§ The task
The task calls for the lines below from the line with "This 1.5-inch is" to the line with "My name is Uwe", both ends included, copied exactly, without any pictures.

§ Records supplied

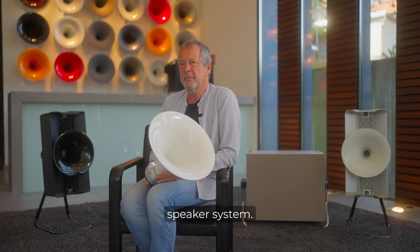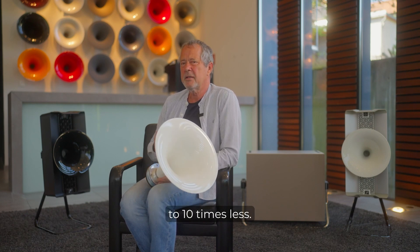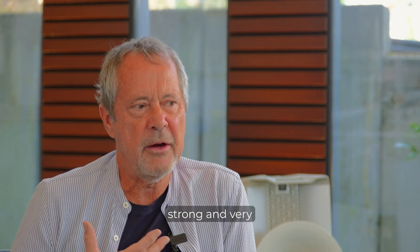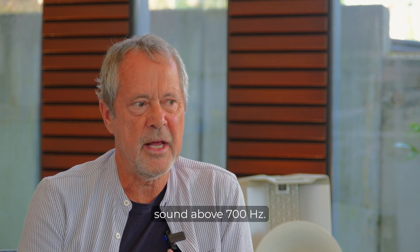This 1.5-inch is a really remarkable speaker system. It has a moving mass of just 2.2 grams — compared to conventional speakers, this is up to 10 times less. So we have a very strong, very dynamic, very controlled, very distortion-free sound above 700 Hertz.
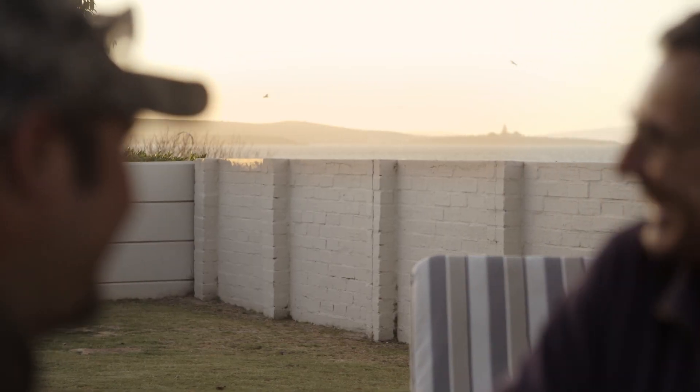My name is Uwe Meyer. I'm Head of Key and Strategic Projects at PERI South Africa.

* * *

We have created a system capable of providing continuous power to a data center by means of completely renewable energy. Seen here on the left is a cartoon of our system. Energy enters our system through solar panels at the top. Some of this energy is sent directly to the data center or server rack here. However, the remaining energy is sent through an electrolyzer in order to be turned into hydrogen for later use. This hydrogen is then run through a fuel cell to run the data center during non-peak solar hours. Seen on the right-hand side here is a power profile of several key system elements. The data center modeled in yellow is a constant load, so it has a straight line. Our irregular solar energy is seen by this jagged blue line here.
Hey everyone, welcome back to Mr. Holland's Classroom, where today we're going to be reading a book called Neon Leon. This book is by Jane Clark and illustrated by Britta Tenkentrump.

§ Exercise result
This 1.5-inch is a really remarkable speaker system. It has a moving mass of just 2.2 grams — compared to conventional speakers, this is up to 10 times less. So we have a very strong, very dynamic, very controlled, very distortion-free sound above 700 Hertz.
My name is Uwe Meyer. I'm Head of Key and Strategic Projects at PERI South Africa.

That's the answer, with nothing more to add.